By Mitch Phillips
LONDON (Reuters) - England captain Owen Farrell was given a five-match ban on Tuesday following his red card for a dangerous high tackle playing for Saracens on Saturday -- leaving him free to feature for his country in their October and November internationals.
The suspension means he will miss Saracens' European Cup quarter-final at Ireland's Leinster, further potential games in that competition and several matches in the Premiership, from which the club will be automatically relegated this season after breaching salary cap rules.
Farrell was sent off after 61 minutes of Saturday's defeat by Wasps after a wild, high tackle that caught 18-year-old replacement flyhalf Charlie Atkinson in the face as the England captain tried to react to the teenager's side-step.

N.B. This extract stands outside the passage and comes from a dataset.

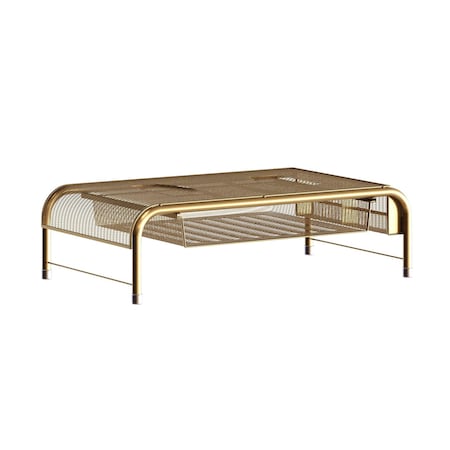 Martha Stewart Ryder Gold Mesh Metal Desktop Monitor Stand Riser with Organizer Drawer and Side Storage HH-OHD04-GLD-MS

After a four-hour hearing on Tuesday, Independent panel chair Mike Hamlin said: "It was accepted by the RFU, the player and the Panel that the offending was reckless and not intentional.
"This was a totally unacceptable contact with the neck/head of Charlie Atkinson as a result of a reckless tackle which had the consequences of him being knocked unconscious and sustaining a concussion.
"This resulted in the Panel concluding that this was a top end offence with an entry point of 10 matches. There were no aggravating features."Testimonials provided by Mark McCall, Eddie Jones and the founders of a charity with which the player works very closely were of the highest quality.
"The Panel concluded that applying the off-field mitigating factors, notwithstanding his suspension four and a half years ago, the player was entitled to a reduction from 10 matches to five meaningful matches. The player is free to play again on 5 October."
England travel to Italy in their rearranged Six Nations game at the end of October and then play a "mini" Six Nations, probably also including Georgia, in November.
England have a game against the Barbarians before the Italy match, though Farrell would have been unlikely to feature.